GIVEN RECORDS: Begin
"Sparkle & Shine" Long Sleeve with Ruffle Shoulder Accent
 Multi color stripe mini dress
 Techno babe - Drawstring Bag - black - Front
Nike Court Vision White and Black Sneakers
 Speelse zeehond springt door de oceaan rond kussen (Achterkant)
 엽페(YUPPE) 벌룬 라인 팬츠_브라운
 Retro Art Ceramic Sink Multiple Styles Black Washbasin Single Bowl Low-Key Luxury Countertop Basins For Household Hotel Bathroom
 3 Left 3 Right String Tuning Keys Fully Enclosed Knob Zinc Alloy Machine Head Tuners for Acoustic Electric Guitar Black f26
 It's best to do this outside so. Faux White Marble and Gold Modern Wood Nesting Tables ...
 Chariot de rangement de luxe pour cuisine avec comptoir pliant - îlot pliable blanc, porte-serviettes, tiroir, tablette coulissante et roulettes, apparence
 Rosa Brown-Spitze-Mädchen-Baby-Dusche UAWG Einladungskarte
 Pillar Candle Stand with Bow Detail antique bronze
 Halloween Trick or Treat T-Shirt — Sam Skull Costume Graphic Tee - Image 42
GIVEN RECORDS: End
▶ EXERCISE REQUIREMENTS: In the data above, which lines include "with"? Return those lines.

▶ EXERCISE OUTPUT:
"Sparkle & Shine" Long Sleeve with Ruffle Shoulder Accent
 Pillar Candle Stand with Bow Detail antique bronze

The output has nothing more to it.